Can we make the system faster?
- The death penalty is irreversible. The process is longer because a life is on the line. Many of the extra procedures are legally required to reduce the risk of mistakes. And even these are not enough – at least 155 people have been exonerated from death row after waiting years or decades for the truth to come out. Streamlining the process would virtually guarantee the execution of an innocent person.
- Even states with the fewest protections and a faster process take years or decades to carry out an execution. In Texas, for example, there are people on death row who have been there for over two decades.
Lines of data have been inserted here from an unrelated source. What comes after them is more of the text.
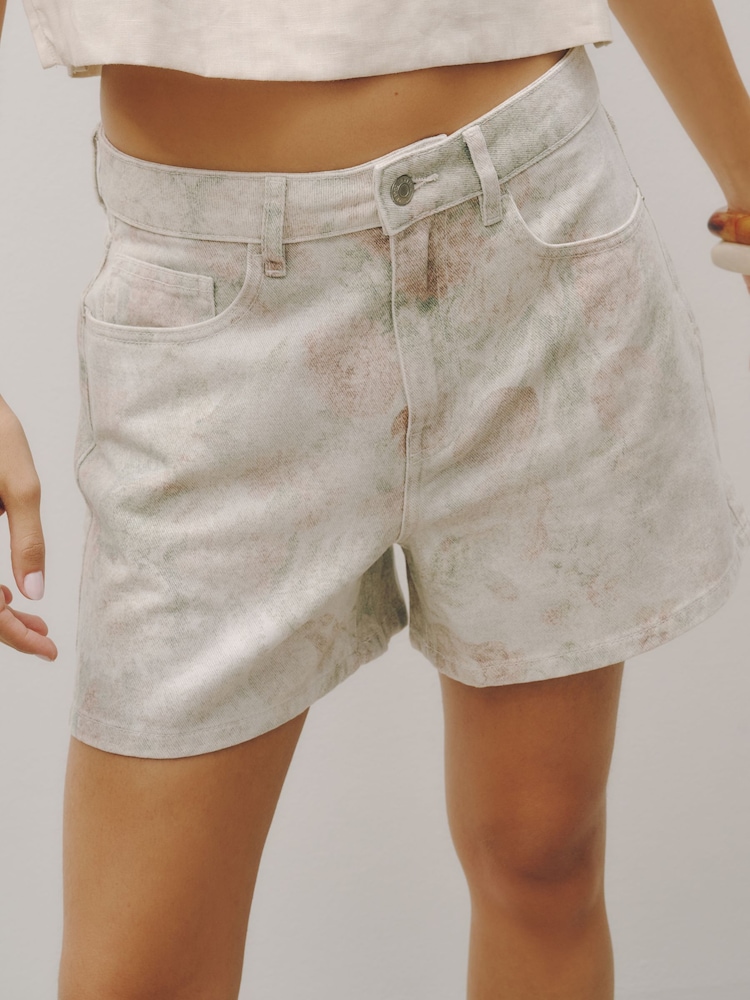 Floral Print High Rise A-Line Denim Shorts - Image 5 of 5 Floral Print High Rise A-Line Denim Shorts - Image 5 of 5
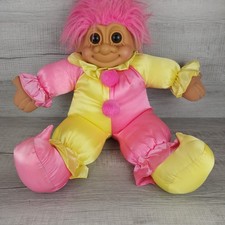 VTG Russ Berrie Troll Pink Hair Yellow Clown Jester Retro Plush Doll 23"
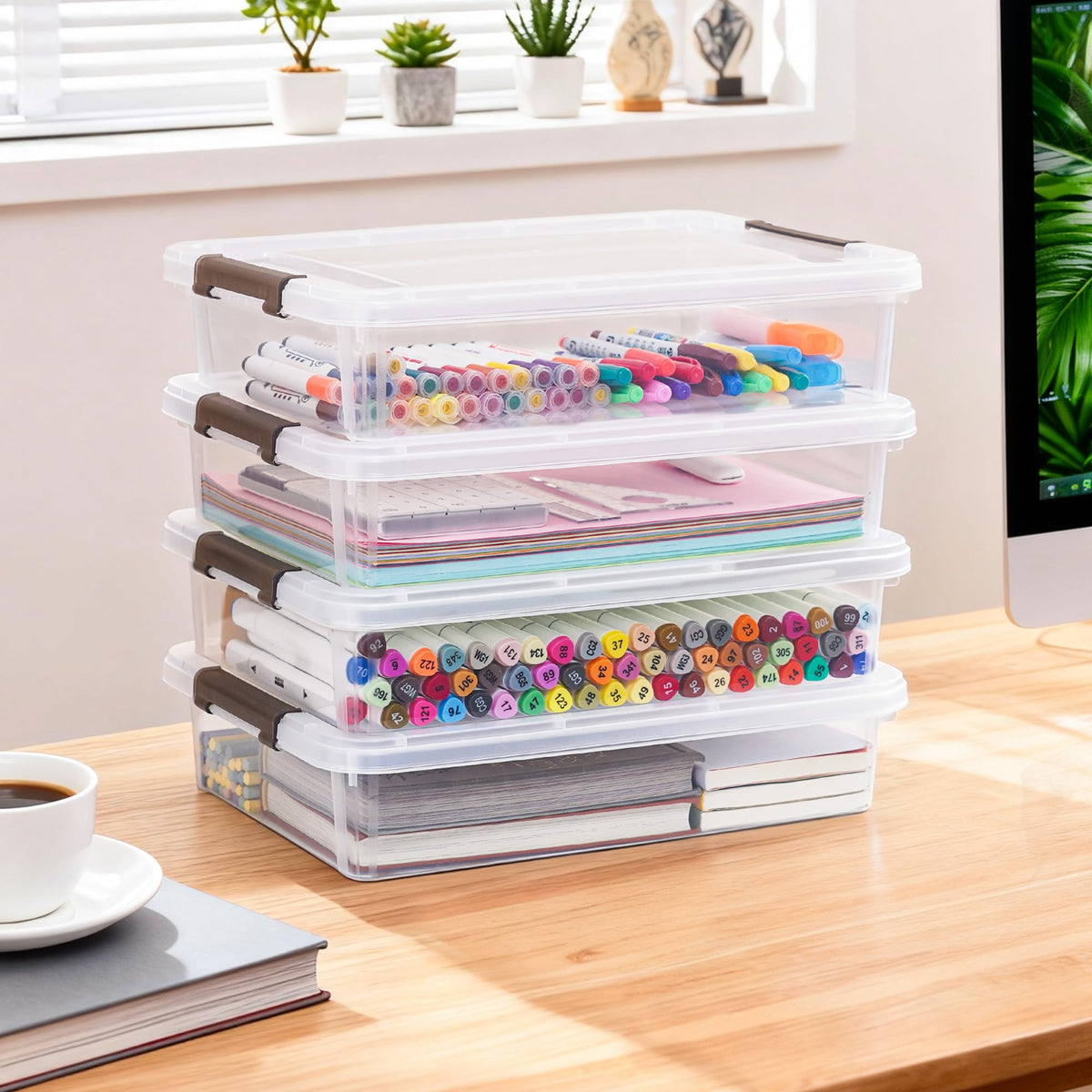 Citylife Plastic Storage Bins with Latching Lids, 3 Pieces, Clear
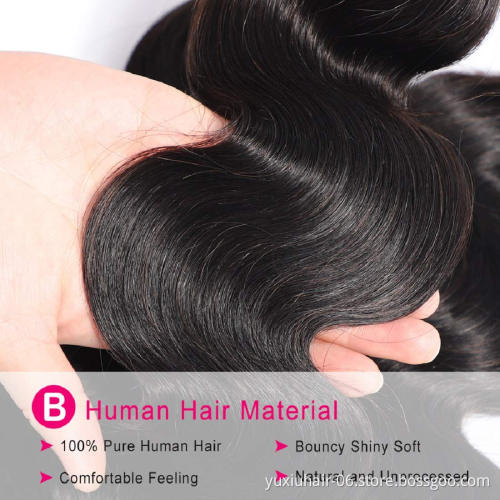 Factory Price India 100% Virgin Remy Human Hair Extension Double Machine Weft Natural Color Body Weave Bundles For Black Women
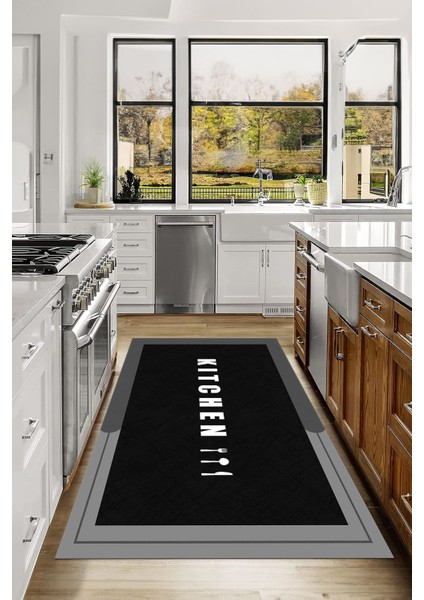 Baskılı Sade Kitchen Yazı Desenli Yıkanabilir Kaymaz Yolluk Salon Mutfak Halısı, Mutfak-65-Siyah, indirimleri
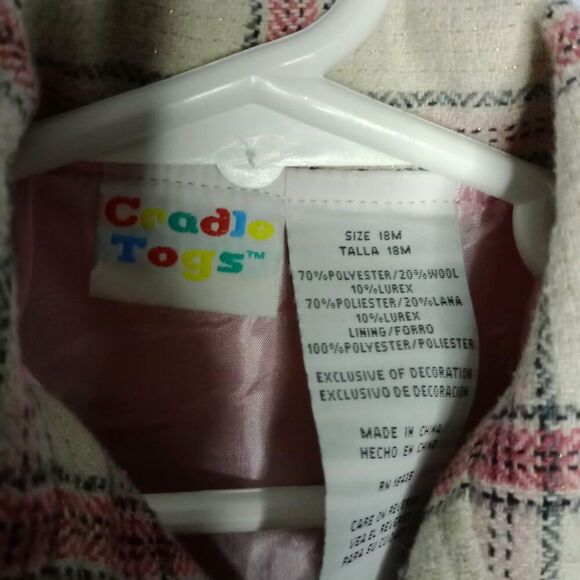 Cradle Togs Infant Toddler Lined Pea Coat Girls Plaid Button Front Pockets 18M - Picture 5 of 5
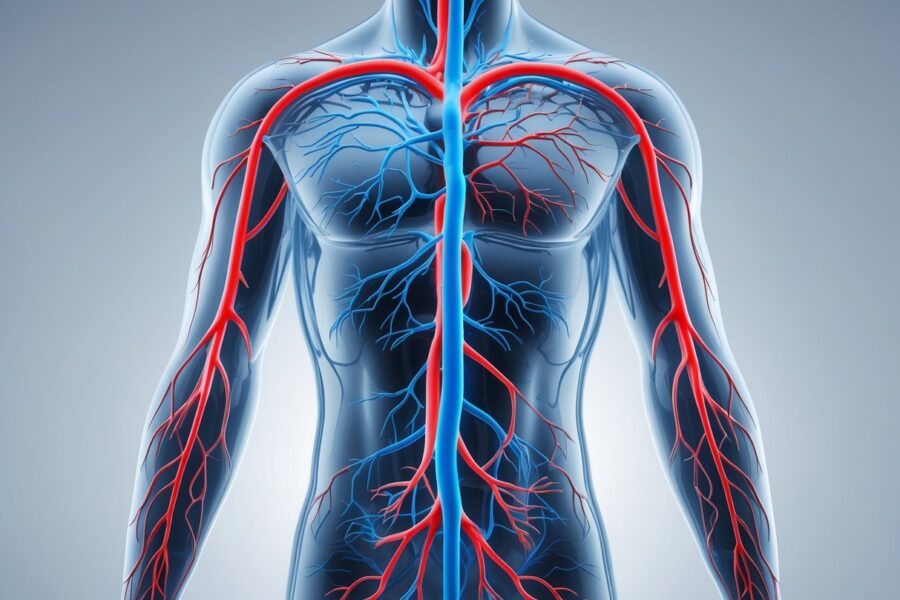 Imagem detalhada do sistema circulatório humano mostrando veias e artérias por todo o corpo.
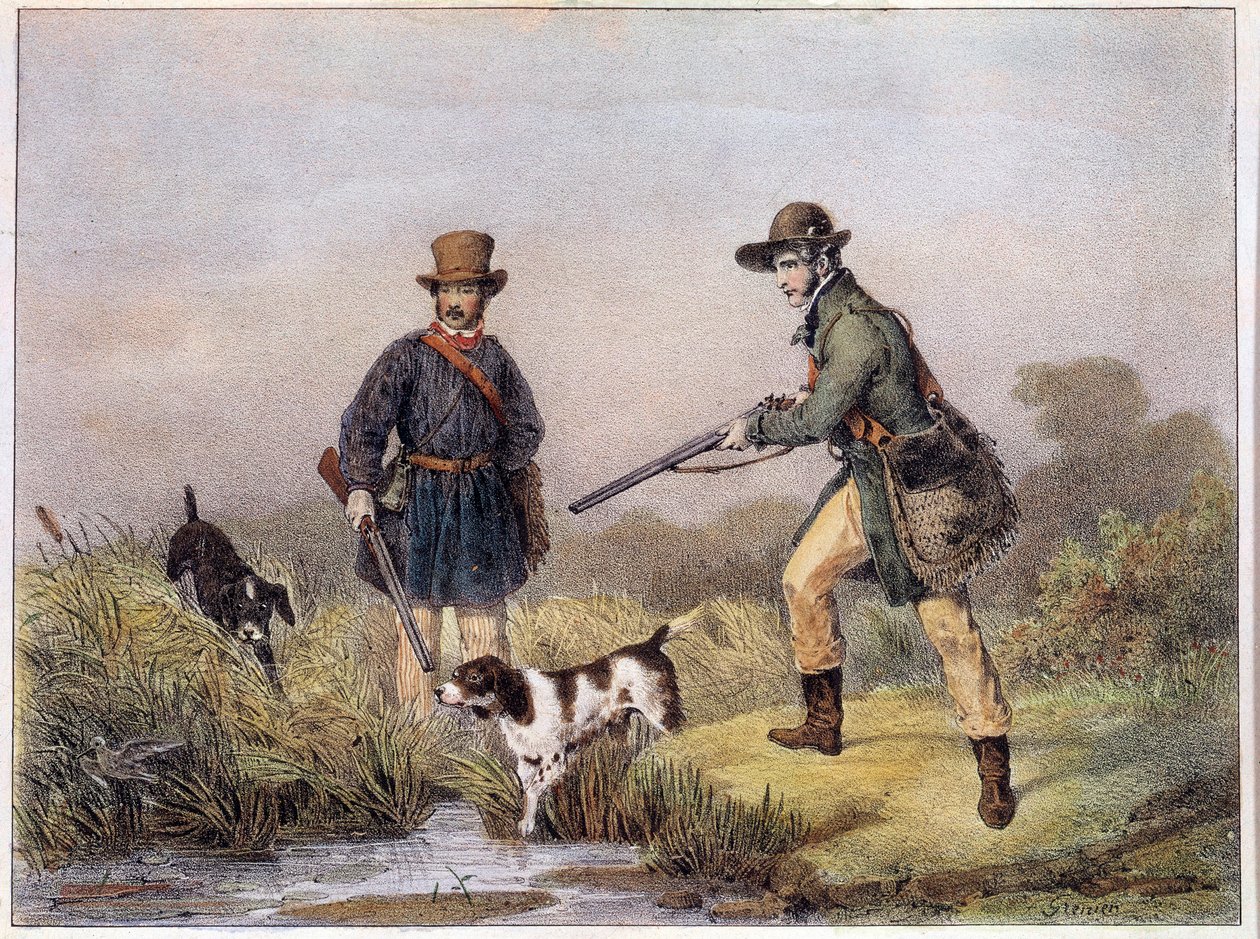 Metsästäjiä suoilla 1800-luvun Gienin grafiikkaa, metsästysmuseo tekijältä Unknown artist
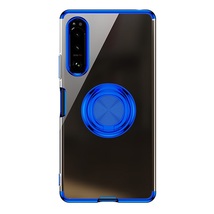 SONY Xperia 1 IV SO-51C用 TPU ソフト リング付き バックカバー 保護ケース 衝撃吸収 落下防止 スタンド 電気メッキ レッド_画像9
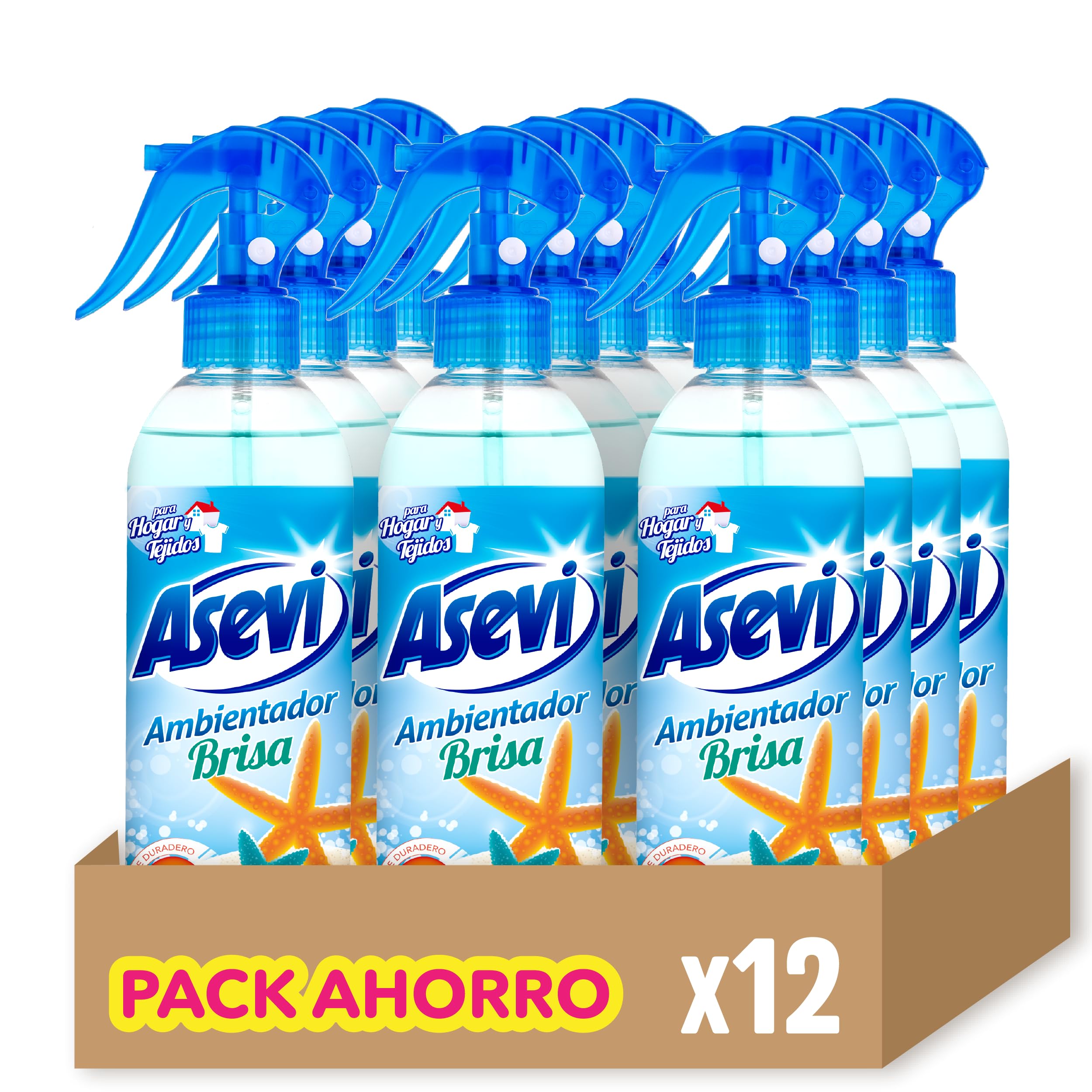 Asevi Ambientador Concentrado en Spray Brisa para Textiles y Hogar - Elimina Olores - Fragancia Intensa - Pulverización Extrafina - 12 x 400 ml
In their own words: More stories of a broken system
- ”Nearly eight years since the jury delivered the verdict of death, I am still forced to focus on my mother’s killer. If the killer were given life without parole, and I mean a true life sentence, I would not be here. I would not be forced to discuss the killer and the verdict and the ways in which my life has been affected. Each court date, each appeal, each write-up in the newspaper, revisiting and revisiting the pain, each event keeping me that much further from the curative process I and my family so greatly deserve.” – Sandra Place, whose mother, Mildred, was murdered
- “If we are serious about helping surviving victims — all of us — we need to see the bigger picture. The bigger picture is that the death penalty is given in fewer than 1 percent of cases, yet it sucks up millions and millions of dollars that could be put toward crime prevention or victims’ services. What I wouldn’t give for a tiny slice of those millions to give my grieving daughters some professional help to process the death of their brother.” – Victoria Coward, whose son, Tyler, was murdered in 2007
- “Capital appeals go on for decades after the initial trial. Most cases are reversed at some point, placing victims’ families in limbo. With each court decision, the murderer’s name is splashed across the headlines while the family waits helplessly for the next ruling, wondering when the sentence will finally be carried out… The pain of this emotional roller coaster can be astonishing in its magnitude. Where are the victims in this process? How are they served?” – Vicki Schieber, whose daughter, Shannon, was murdered
- “The sad reality is that the death penalty handcuffs the surviving families of homicide victims to decades of legal procedures. In the end, the vast majority are re-sentenced to life without parole, which could have been sought at trial.” – Vivian Penda, whose son, Dennis, was murdered
- “The criminal justice system is hard enough on survivors. When the death penalty is added to the process, the survivor’s connection to the system becomes a long-term and often multi-decade nightmare that almost never ends in the promised result. I have watched too many families go through this over the years to believe that there is any way to make the system work better.” – Kathy Garcia, trauma expert , victims’ advocate, and aunt of a murder victim
We’ve learned a lot about the death penalty in the last 40 years — and those lessons have meant pain and suffering for the families whose loved ones have been murdered. What was supposed to provide comfort to victims has become a colossal failure that has prolonged their pain. Isn’t it time to say enough is enough?